Višnja Mandić i Jovana Pavlović • jan 04, 2021
Procedural costs in bankruptcy proceedings
Bankruptcy is a collective proceedings by which creditors are able recover their debts from debtors, and its primary purpose is to maximise the value of debtors’ assets to maximise recovery.
As such, an assessment is required of how procedural costs affect the achievement of the primary purpose (or principle) of bankruptcy proceedings. One additional key goal ought also to be borne in mind here: that collective recovery should be achieved as quickly as practicable and at as low a cost as possible.

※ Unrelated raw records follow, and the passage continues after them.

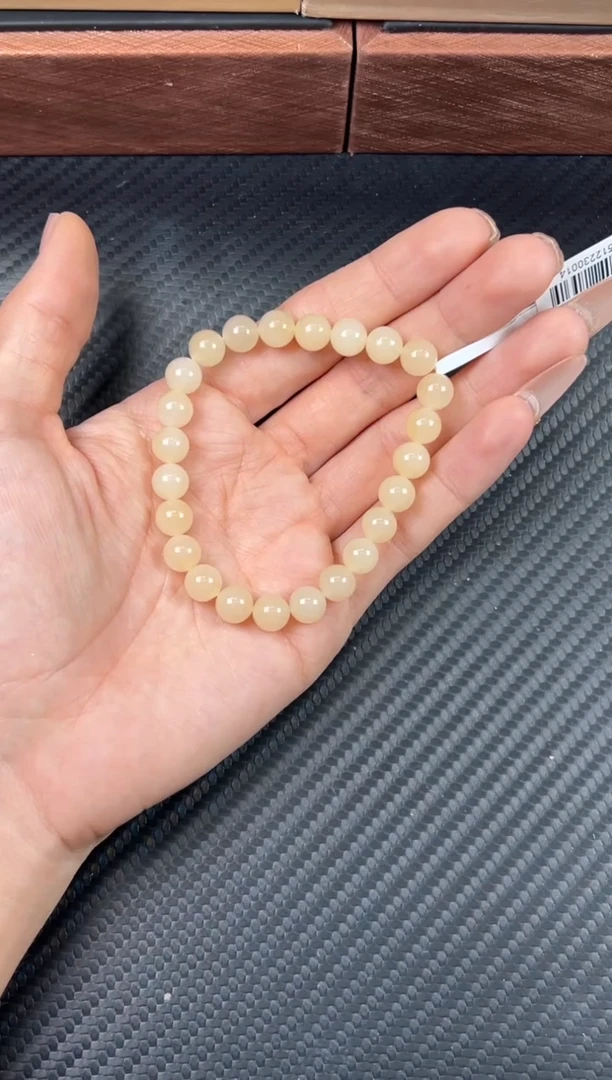 未镶嵌手串和田玉且末天泰微色差卡8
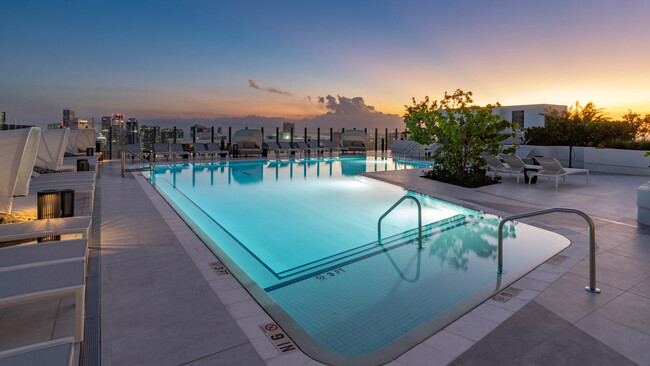 Miami World Tower in Miami, FL - Foto de edificio - Building Photo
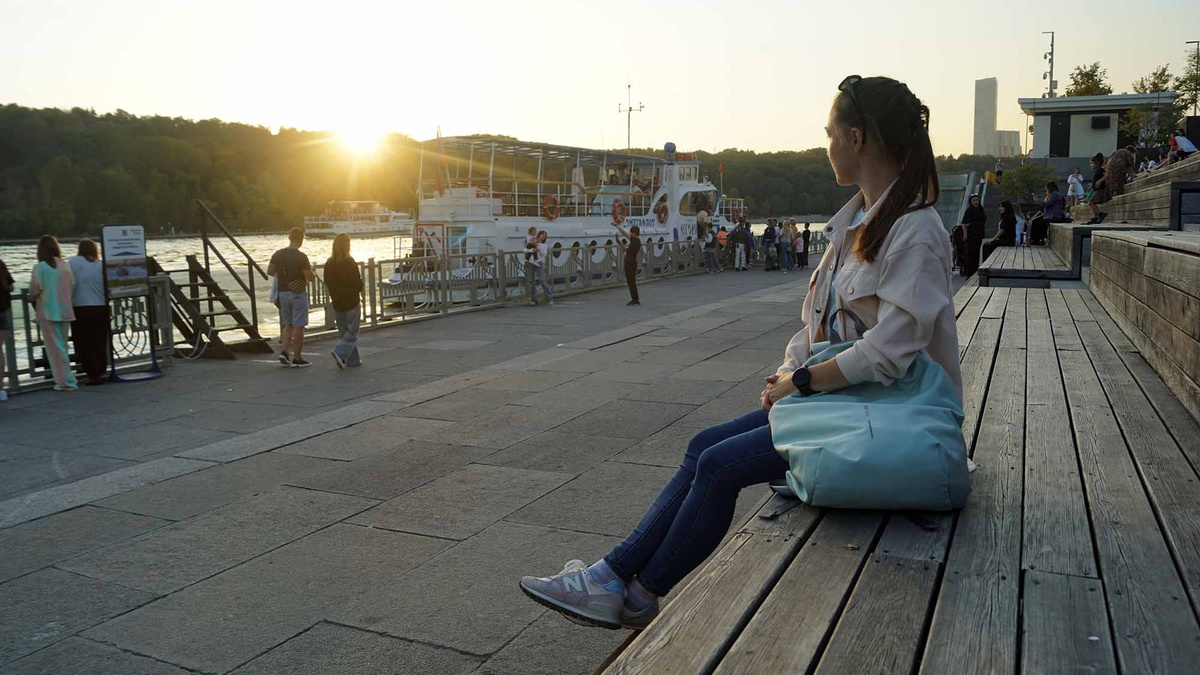 На причале "Лужники Центральный" удобная зона ожидания. Листайте галерею, чтобы увидеть ещё фото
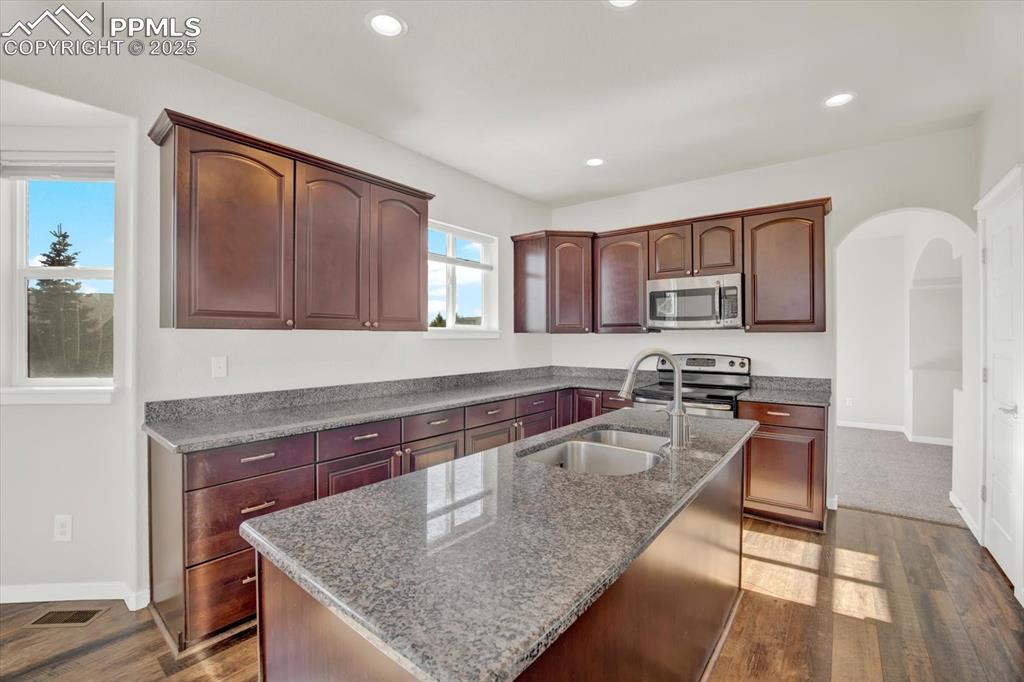 Image 16 of 50: Kitchen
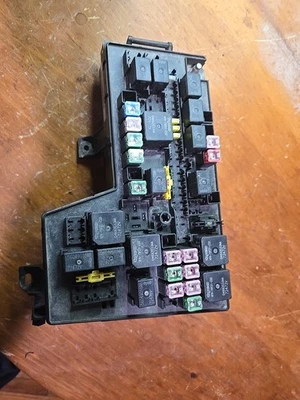 2008-2011 DODGE DAKOTA 3,7 Л ДВИГАТЕЛЬ ПРЕДОХРАНИТЕЛЬ КОРОБКА EFB OEM 04692211AA - Изображение 1 из 4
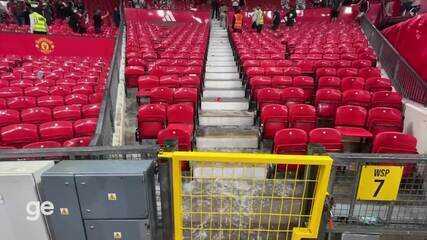 Chuva provoca cascata em Old Trafford em Manchester United x Arsenal
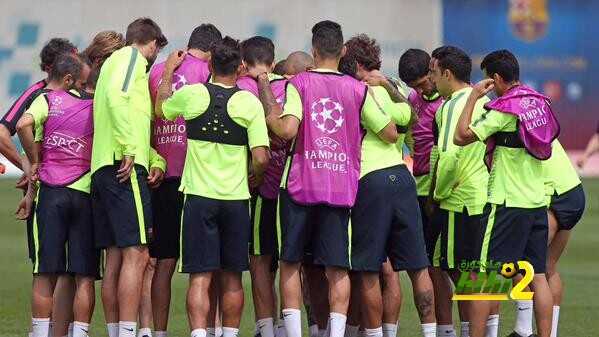صور : برشلونة يواصل استعداداته لمواجهة اليوفينتوس في حضور انيستا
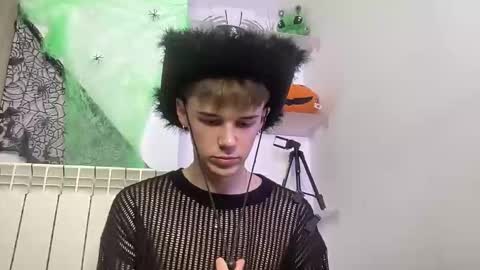 Snapshot of yoursweetyguy chatting on October 29, 2025, 4:42 pm yoursweetyguy online show from October 29, 2025, 4:42 pm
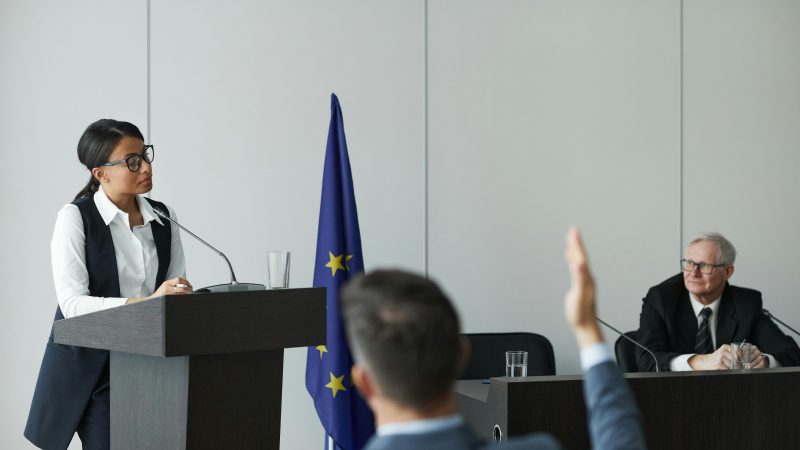 Réformes 2025 : jours fériés supprimés, prestations gelées, emplois publics menacés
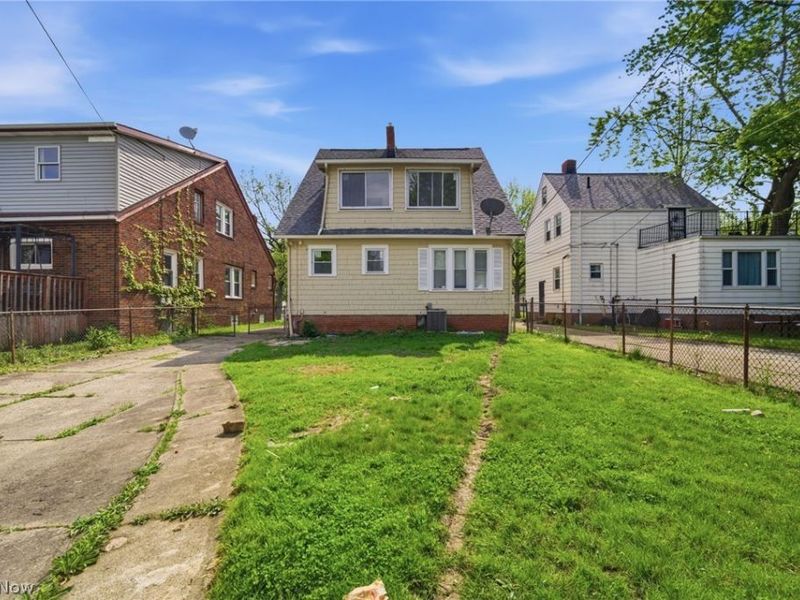 4004 E 154th Street, Cleveland, OH 44128 Photo 4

Bankruptcies tend to be extremely expensive, with costs incurred for commencing the proceedings, engaging litigation to claw back assets for the bankruptcy estate, discovering and securing assets, liquidating assets and distributing the estate, and, finally, remunerating the bankruptcy administrator. All of these are a huge drain on the bankruptcy estate and greatly limit creditors’ ability to recover what they are owed.
This paper will focus on the advance for procedural costs, one specific type of expense that always appears in bankruptcy proceedings and is in effect a precondition for filing a bankruptcy petition.
I. The problem
Article 59 of the Serbian Bankruptcy Law (Official Gazette of the Republic of Serbia, Nos. 104/2009, 99/2011 – Other Law, 71/2012 – Constitutional Court Ruling, 83/2014, 113/2017, 44/2018, and 95/2018) governs advancing procedural costs and the consequences of failing to make this advance.
As such, for the court to even test bankruptcy commencement criteria, the petitioner will have to make an advance payment that serves to initially cover any costs of commencing the proceedings and discovering the debtor’s assets. The amount of the advance is set by the bankruptcy judge.
Article 59 sets out the costs deemed to be covered by the advance: these are the expenses of publishing an advertisement of bankruptcy and notifying the creditors, retaining a bankruptcy administrator, securing assets, and registering the bankruptcy with the Serbian Business Registers Agency.
To prevent judges from assessing the advance arbitrarily, the Bankruptcy Law sets out ceilings for each category of company, which range from 50,000 dinars (some 425 euros) for micro-enterprises to 200,000 dinars (about 1,700 euros), 600,000 dinars (approximately 5,100 euros) for small firms, to 1 million dinars (some 8,500 euros) for large bankrupt businesses.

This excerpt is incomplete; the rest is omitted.